Please restate each line of the data below exactly. Omit all images.

--- Data section ---

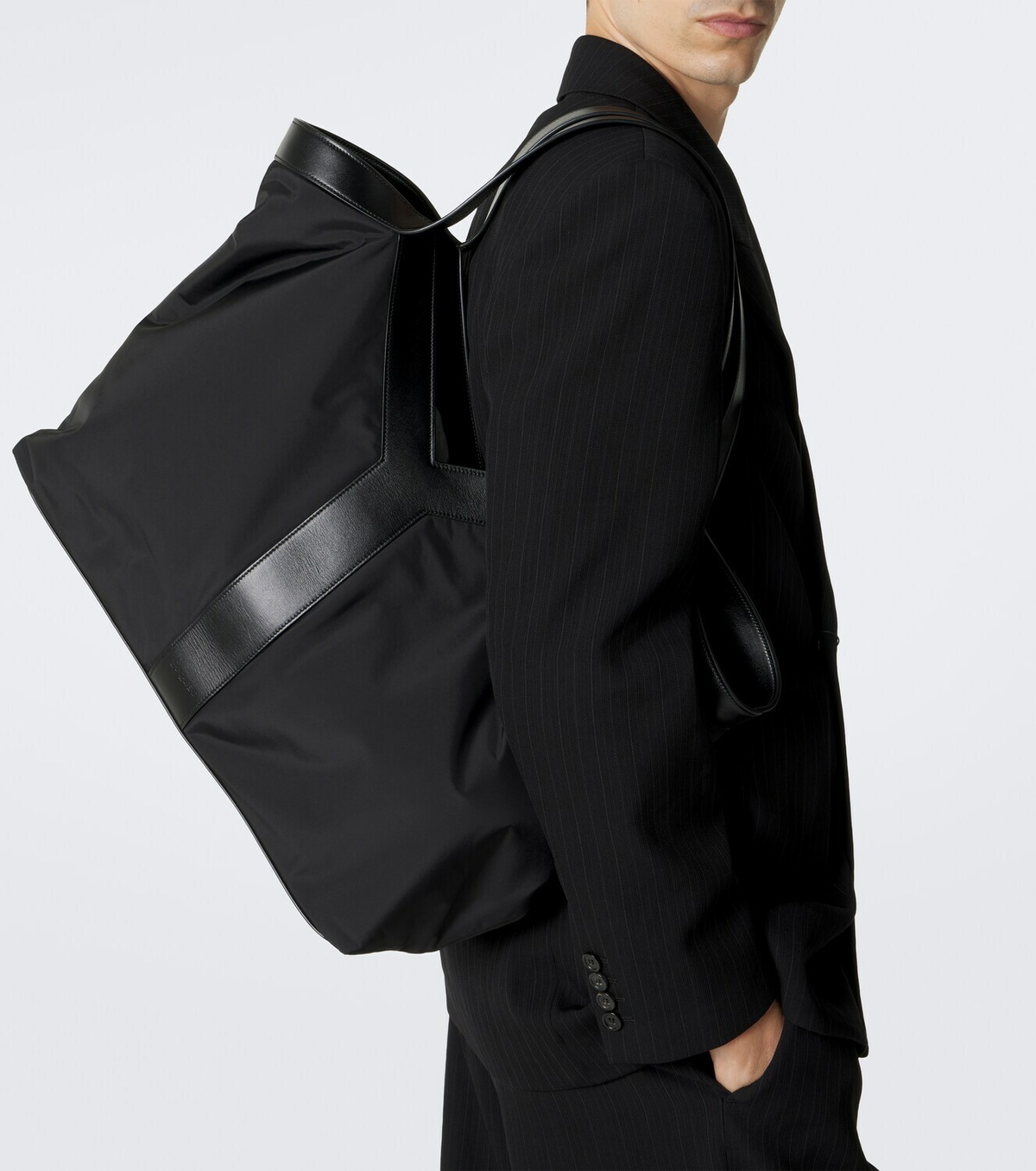 Saint Laurent Y Large leather-trimmed tote bag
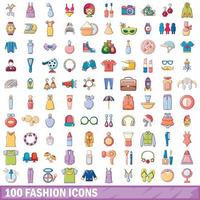 conjunto de 100 ícones de moda, estilo cartoon vetor
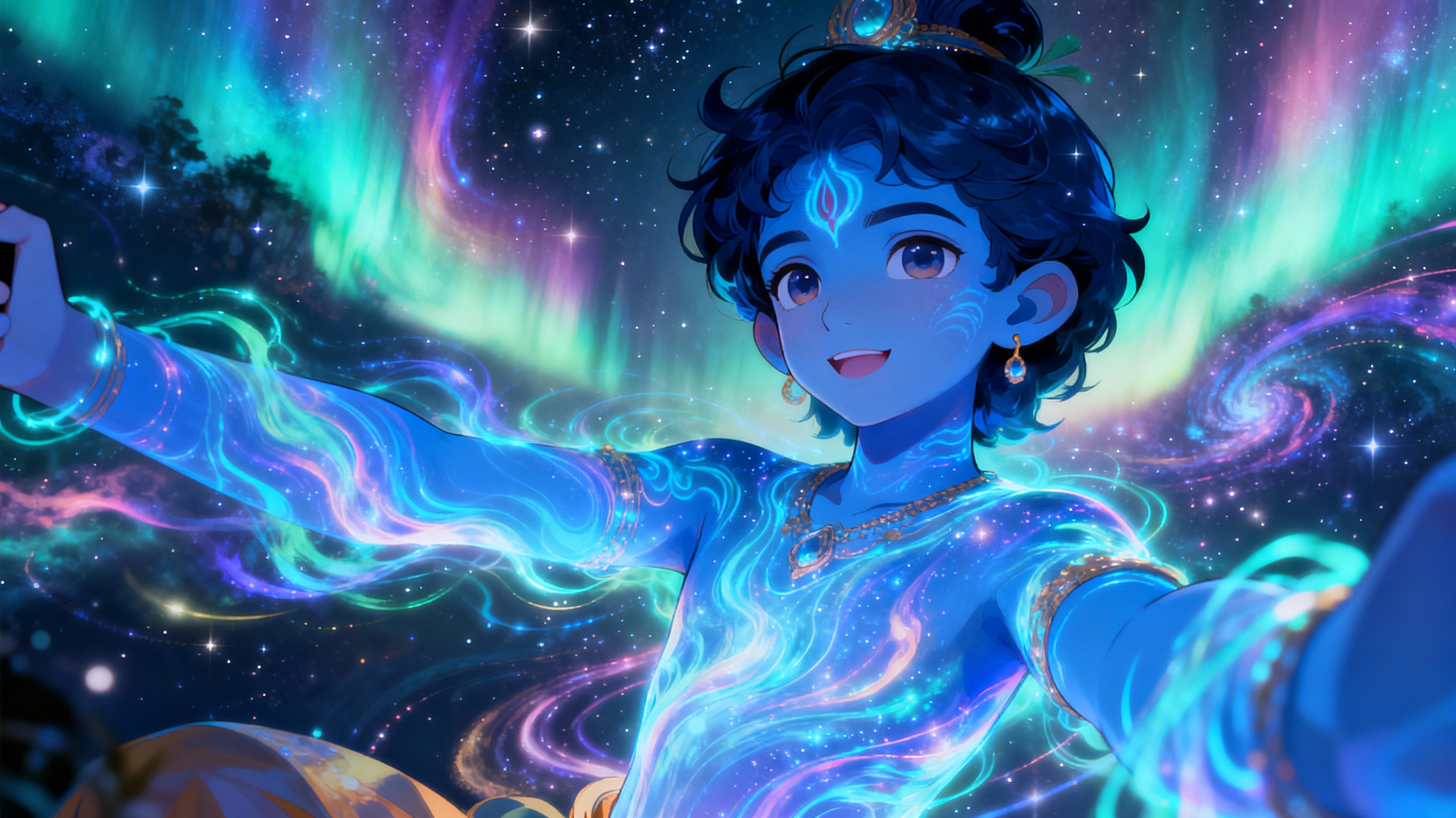 Blue Krishna personified as living aurora borealis with cosmic celestial colors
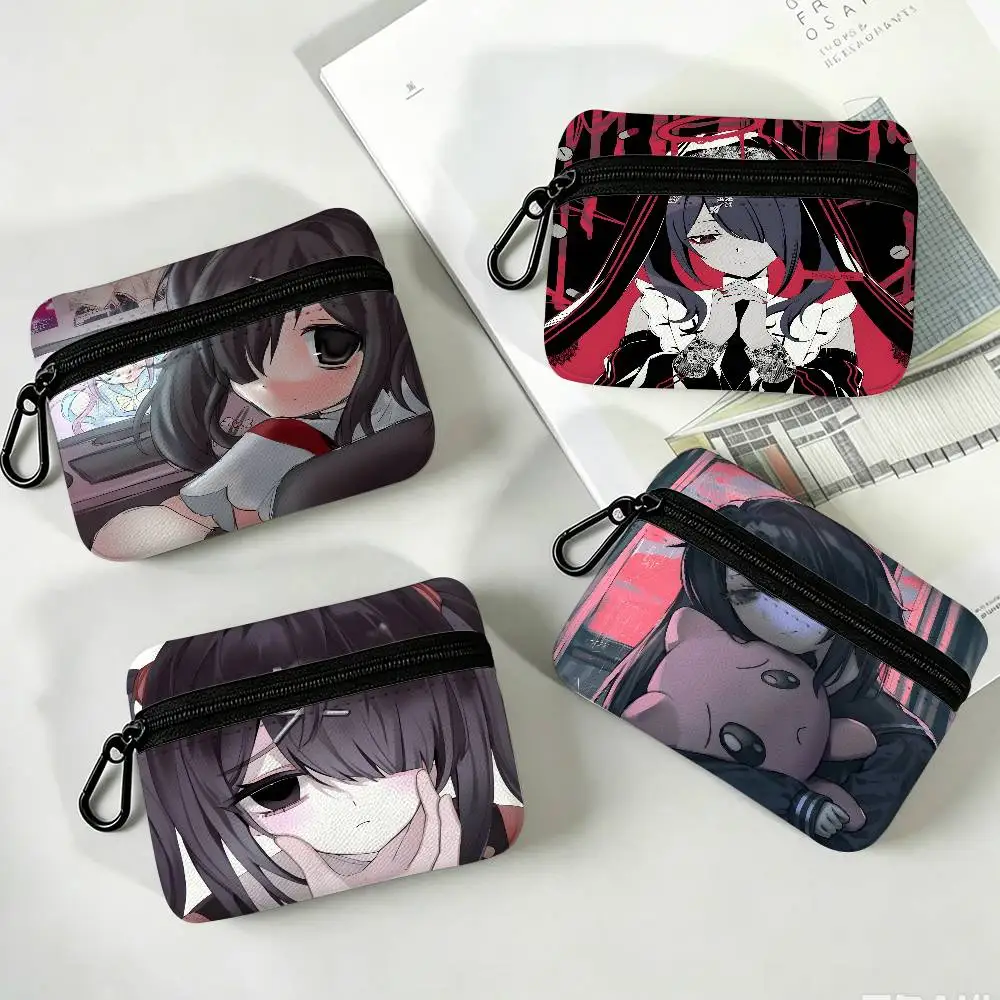 Needy Girl Overdose Cute Cartoon White Oxford Cloth Zipper Coin Purse Lightweight Hanging Key Pouch Card Holder For Daily Use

---

*The answer:*
 Saint Laurent Y Large leather-trimmed tote bag
 conjunto de 100 ícones de moda, estilo cartoon vetor
 Blue Krishna personified as living aurora borealis with cosmic celestial colors
 Needy Girl Overdose Cute Cartoon White Oxford Cloth Zipper Coin Purse Lightweight Hanging Key Pouch Card Holder For Daily Use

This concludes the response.